The frustrated General Yahya Khan, president of Pakistan, ousted both Khan and Ahsan. Later, General Raja was also shown the door.
Why the Mukti Bahini was formed
Weeks before the genocidal campaign of March 25, 1971, codenamed Operation Searchlight, most officers and soldiers of the East Bengal Regiment and border guards East Pakistan Rifles revolted. The rebel officers and soldiers along with hundreds of border guard troops and policemen crossed into India, with fire cover from the Indian Border Security Force shielding them The rebel officers held a crucial meeting on April 12 at Teliapara in Sylhet — the Mukti Bahini (Bangladesh Liberation Force) was formed under the command of Colonel (later General) MAG Osmany. The Mukti Bahini decided it would go the guerrilla way, on the lines of what Vietnam rebels did, instead of conventional war. Thousands of students, youths and farmers, including women, joined the Mukti Bahini.
Where is Bangladesh now?
At the helm now is his daughter, Sheikh Hasina, who took over in 2009 after the country had seen three decades of autocratic regimes. The economy took off. She opened up the country to foreign investment from India, Japan, South Korea, the US, Turkey and European countries. Soon, Bangladesh became the second largest exporter of readymade garments. Pharmaceutical products are its other big export, to more than 70 countries, and frozen fish and food to Europe, North America, the Middle East and Australasia.

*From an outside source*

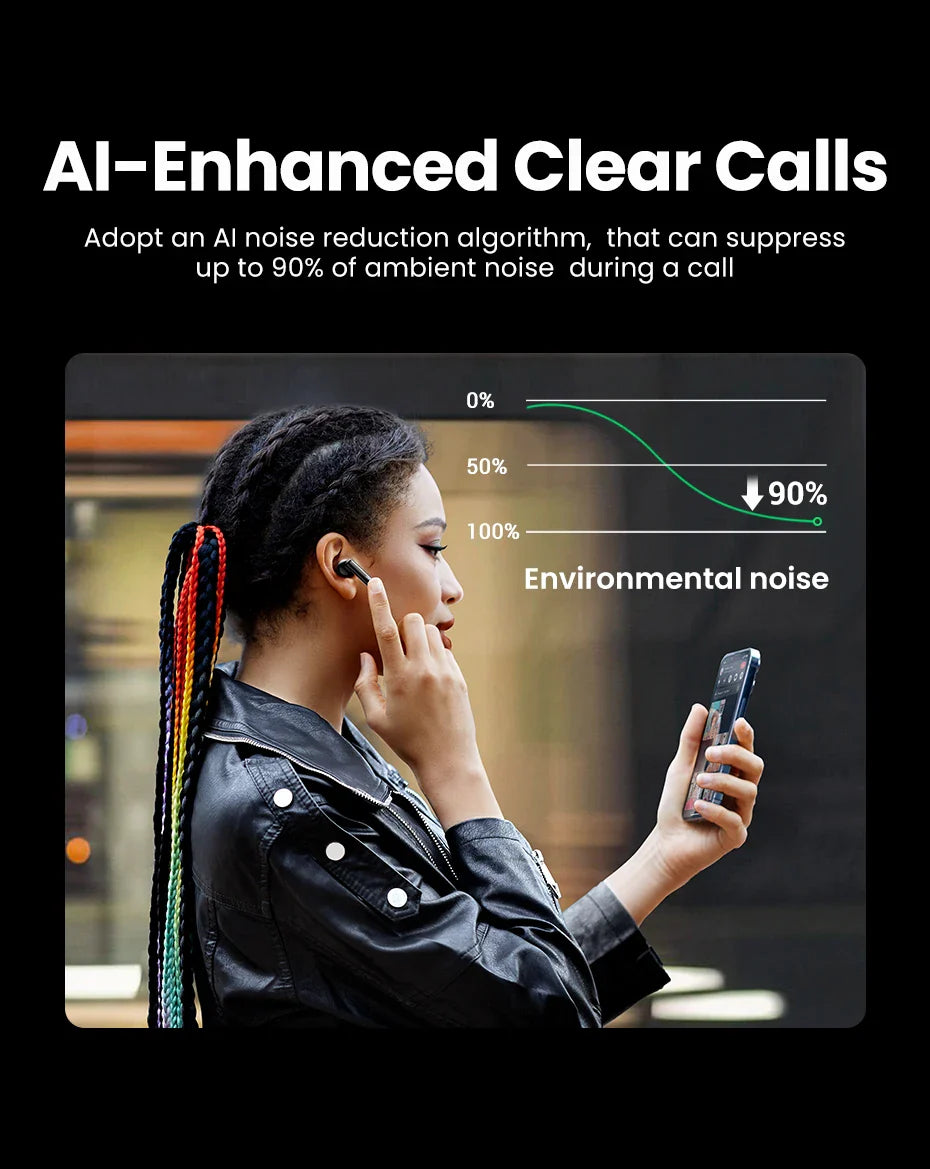 Advertisement for AI-enhanced clear call technology that reduces ambient noise during phone conversations.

Bangladesh made big strides in meeting Sustainable Development Goals. Hasina has been elected Prime Minister thrice, holding office for 12 years. Her decision to take in more than a million Rohingya refugees who had fled Myanmar was appreciated globally.
But the human rights record at home has been controversial. Sectarian violence against Hindus in mid-October cast a shadow on the secular credentials of the country. Rights groups claim no perpetrator of sectarian violence against religious minorities, desecration of temples, arson and plunder faced criminal proceedings.

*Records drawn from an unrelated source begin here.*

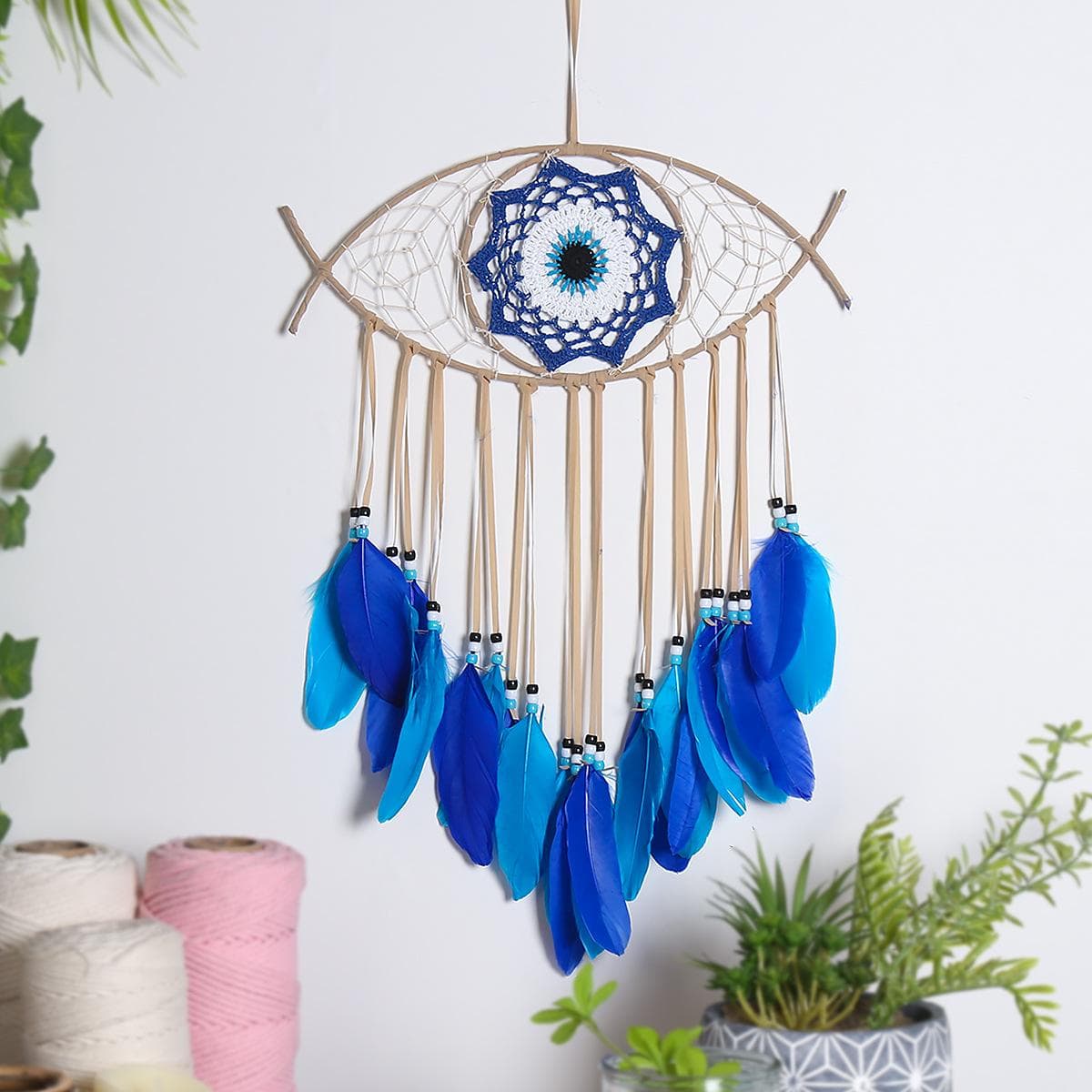 Decoration Crafts Dream Catcher Wind Chimes Handmade Dream Catcher with Feathers Wall Hanging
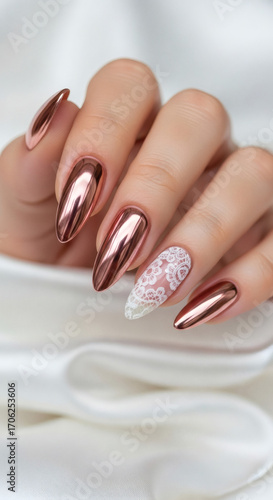 Wallpaper Mural A close-up view of a woman's elegantly manicured hand showcasing shimmering rose gold chrome nails with a delicate white lace accent nail against a soft, flowing satin background. Torontodigital.ca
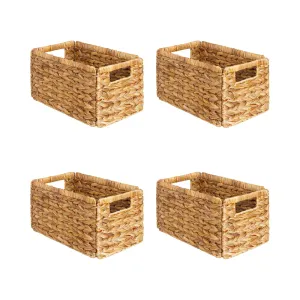 4-Pack Wicker Storage Baskets with Handle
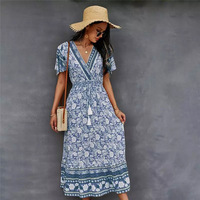 Robe de style ethnique à fleurs teintées, col en V, taille S-2XL, robe de plage estivale, style bohème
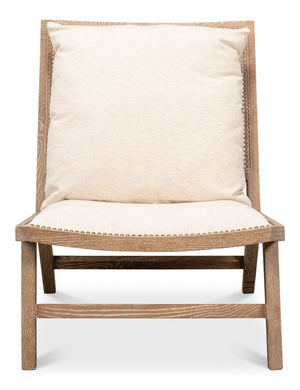 Sarreid Mia Chair - Cream Cotton-linen Blend With Oak & White Wash Finish For Elegant Home Decor Style Beige  53476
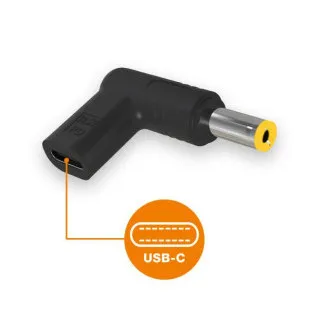 Alligator USB-C-Netzteil 5,5x2,5 mm für Acer/Asus/HP/Lenovo/Toshiba Laptops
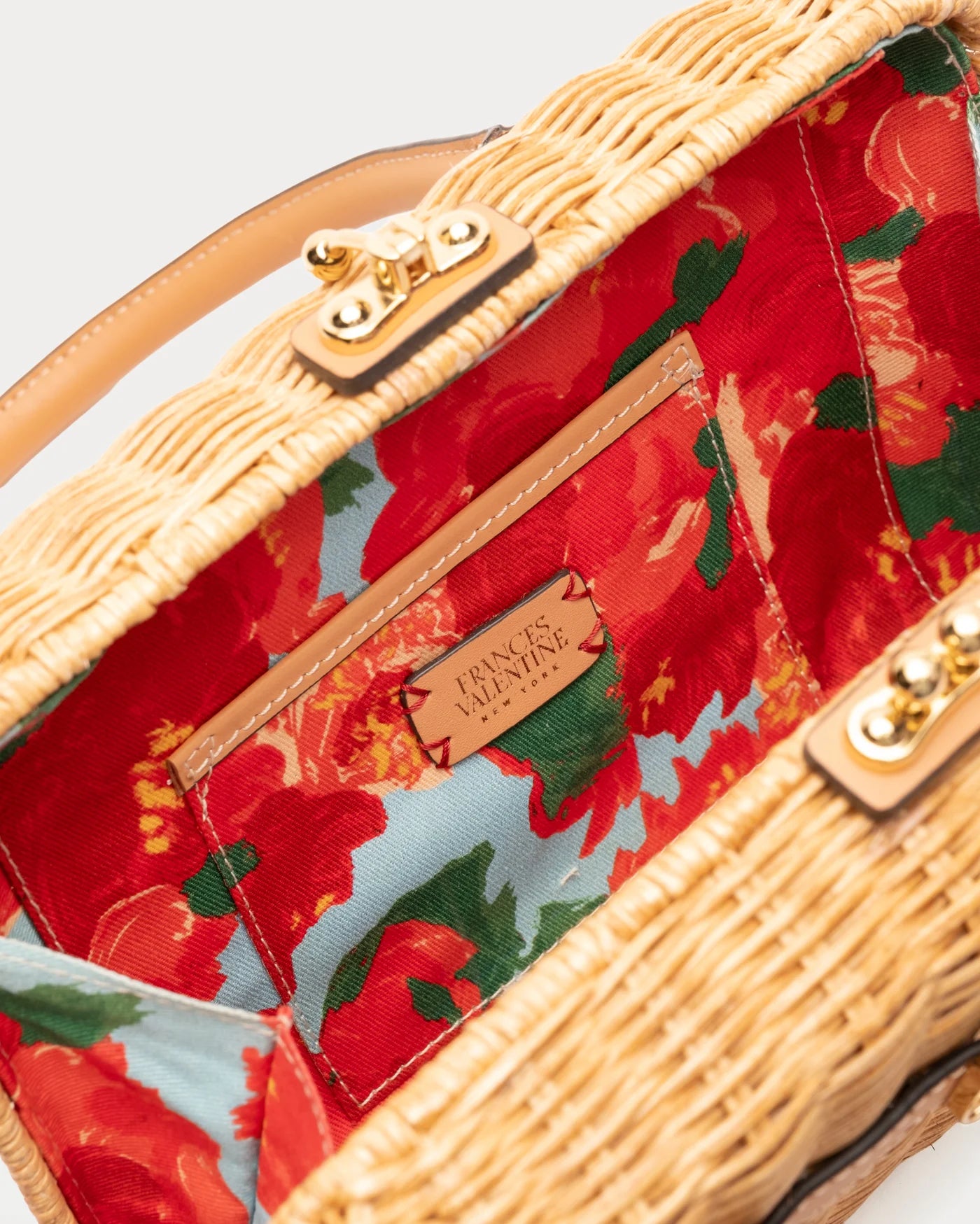 Frances Valentine Lady Basket with Buckle, Wicker with Toast Leather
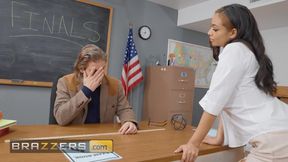 Young student fucks the professor straight on the the desk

Before the 2018 general elections, the authorities ignored human rights groups, civil society and journalists’ bodies to enact the Digital Security Act, which was believed to throttle freedom of expression.
In three years since then, 1,516 cases have been filed under the law against 142 journalists, 35 teachers, 194 politicians and 67 students. None against Islamic evangelists who peddle hate speech online against women’s empowerment and elective democracy, and want a theocratic state. Nor against those uploading videos on YouTube demanding that the country’s flag be changed to a crescent and the national anthem be scrapped because a Hindu poet (Nobel laureate Rabindranath Tagore) wrote it. “It is a retreat from the commitments of 1971,” said acclaimed social scientist Prof Rehman Sobhan.

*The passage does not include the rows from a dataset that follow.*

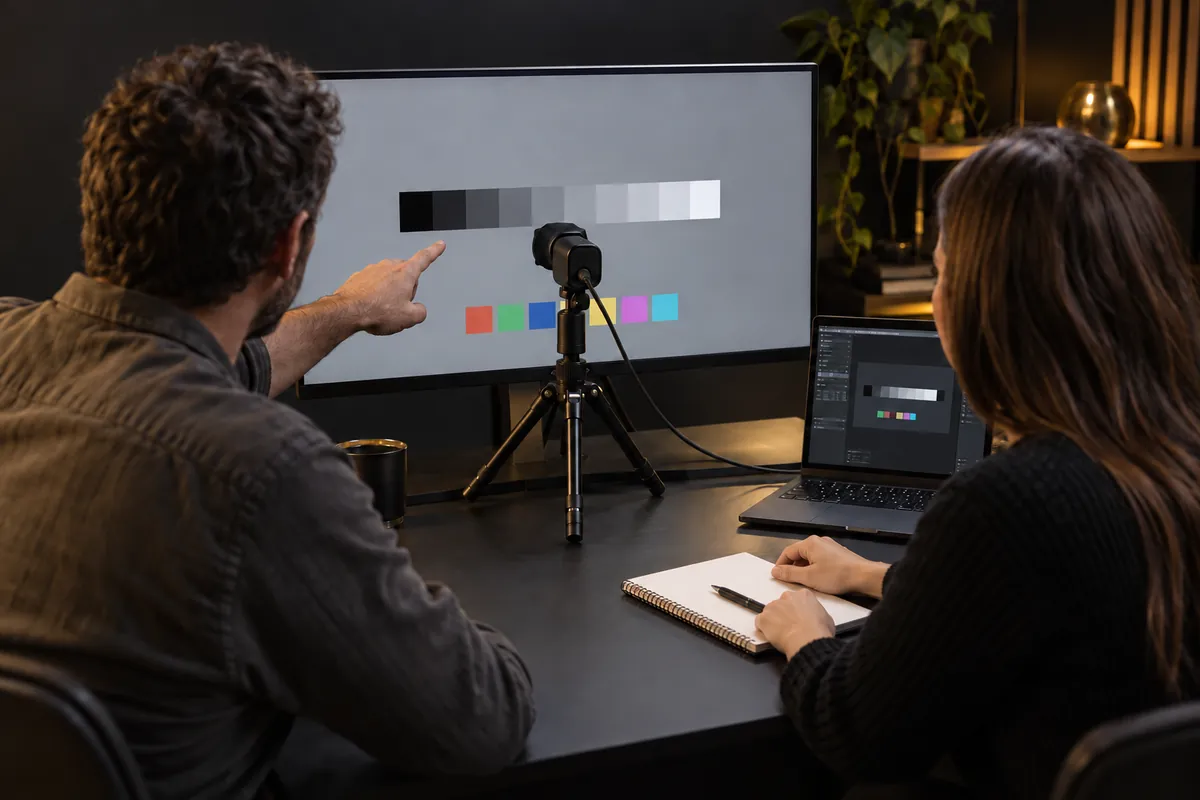 Illustration of one-to-one training: an instructor explains monitor test patterns to a participant, with a measuring instrument on the desk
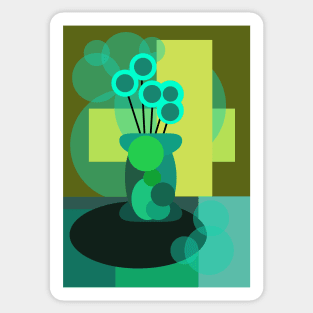 retro abstract flower art Sticker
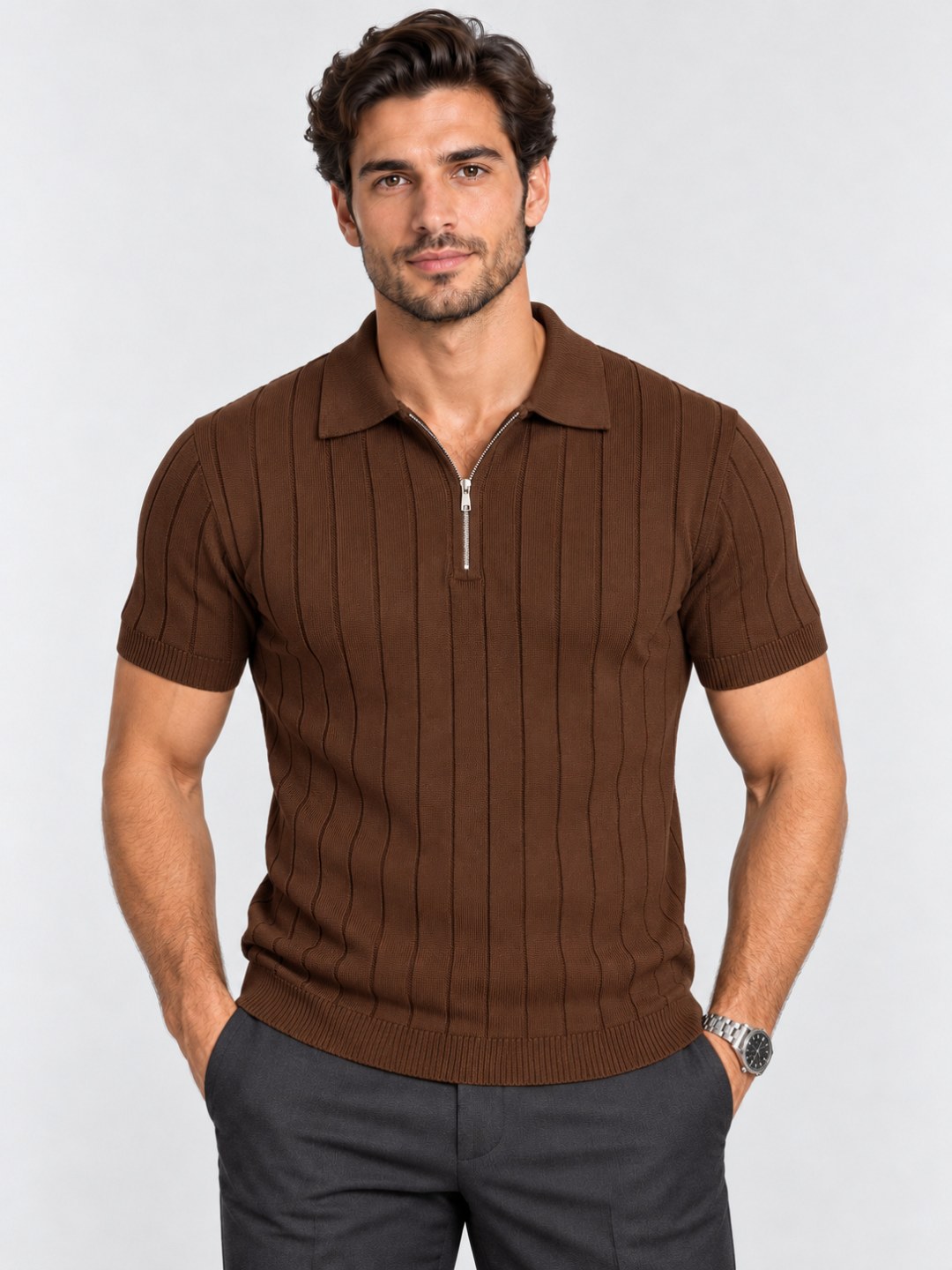 Polo Zara de Tricô Canelado Slim com Zíper — foto 6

The authorities are yet to complete a non-controversial registration of liberation war veterans. Successive regimes failed to prepare a genuine list of veterans. Let’s not discuss the total number of genocide victims — researchers claim the number could be higher than 3 million. Tens of thousands of infants and elderly people died of cholera and diarrhoeal disease in refugee camps. Bangladesh has had seven governments since Mujib’s. Not one took up the issues of 1971 seriously.
Political historian Mohiuddin Ahmad quoted a Liberation War poster: “Banglar Hindu, Banglar Christian, Banglar Buddhist, Banglar Musalman, Amra shobai Bangalee (Bengali Hindus, Christians, Buddists, Muslims — we are all Bengalis).” He added, “If I knew Islamism would triumph over secularism, pluralism and tolerance, I would not have joined Mukti Bahini to liberate the country.”